You, too, will receive from your builder 'red, yellow and blue'. You will get only an approximation. It will be close or distant, depending on your luck but never less than once or twice removed from the blueprints and specifications you handed him.

In most things we construct 'good enough' is an acceptable operating standard. In the sea 'good enough' isn't. But since commercial builders of boats are landpeople, 'good enough' is the best you will get, if all goes well. If all does not go well, you could (and many do) inherit danger and dismay. The commissioning process deals with the sea change that is needed to loft 'good enough' to 'best possible'. The sea will settle for no less.
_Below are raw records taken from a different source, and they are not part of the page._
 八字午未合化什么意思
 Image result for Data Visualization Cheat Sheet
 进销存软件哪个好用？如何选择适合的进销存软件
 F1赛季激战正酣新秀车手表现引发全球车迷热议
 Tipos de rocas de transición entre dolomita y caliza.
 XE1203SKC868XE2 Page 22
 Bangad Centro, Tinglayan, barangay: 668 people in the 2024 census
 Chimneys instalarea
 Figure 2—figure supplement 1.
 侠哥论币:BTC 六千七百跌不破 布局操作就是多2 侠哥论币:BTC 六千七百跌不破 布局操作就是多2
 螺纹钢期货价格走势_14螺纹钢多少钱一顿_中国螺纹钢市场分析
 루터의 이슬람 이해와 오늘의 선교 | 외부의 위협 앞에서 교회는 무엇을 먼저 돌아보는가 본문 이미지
There are no weak links in use in the sea. All links are equally weak in the face of the profound forces of which the sea is capable. Your boat survives a bad storm by an accomodation of inadequacies, by a subtle balancing and shifting of unbearable forces between structures too puny to stand alone. The balance must be perfectly tuned. The tuning is the commissioning.

Walter Gropius once said that architecture was not so much a matter of how things are built, but rather a matter of how things are joined. It is at the joinings that elegant engineering is melded into aesthetics to create a great work. If this is true on land then how much more so at sea? A boat is a small place, the length and breadth of which can be swept in a single glance. All the joinings jostle each other and compete for your attention. Unless this bringing together is pleasing, the boat will fall apart in your mind.

More important (to your safety if not to your soul) is how the seperate parts are physically joined. The compulsion to compromise and to settle for 'good enough' is strongest when a workman is faced with the need for thought and care (the two rarest and most painful elements of labor) in bringing things together. The joining could be as simple as the tightening of a clamp or as complicated as the joint between hull and deck. But simple or obtuse, there, at the joints, is where you look for trouble. A hose will rarely break in its length, it will break where it is connected. A deck will not leak through its surface, it will leak at its seam with the hull and your marine head will resolutely dispose of your wastes until the little piece of plastic that connects the handle to pump expires.

If you ponder on the places on your boat where things come together, and then reflect on how frequently you have had trouble start at those places, you will understand that commissioning is primarily a matter of seeking out all these points of contiguity. The seams in your sails give way long before the fabric; your spreaders do not break, they break off. Lines snap where they are fastened, cables give way at the swedges, electronics die at their connectors and your engine oil leaks away through seals designed by ten thousand hours of engineering to prevent leaks. On a quiet night, if you listen very carefully your boat plays a cacaphonic fugue of clicks and rips and cracks and zips. These are the sounds of tortured and failing joins.

So attend to these vulnerable linkages made weaker yet by fallible and lazy workmen. When you are through surveying the potentials for separation you will find, to your suprise, that your commissioning is mostly completed.

Look to the hidden places where 'good enough' is carefully covered with neat headliners and ornamental paneling. Any place covered over is suspect and the more difficult it is to remove that cover, the more suspect it should be. The blemishes to a boat are hidden in the Ôattic Õ like the blemishes to Dorian Grey's face. So look into the attics and root deep in the cellars of your craft for the bad stuff you know is there. Have no pity and do not be lazy. It will be a hell of a lot simpler to get at that 'impossible' place during commissioning then it will be to get at it on a dark and rainy night, in thirty kn............etc. etc.

I am beginning to sound, even to myself, somewhat canonical on this subject of commissioning. Maybe I stress it a bit much. All ill commissioned boats dont sink, they are just not much fun. But since I really can not imagine why any one would go through the agony and the dollars to build a boat which was not fun, I will continue to preach the chapter and verse of commissioning well and commissioning yourself.

 

And now, good friends, once more into the bilges!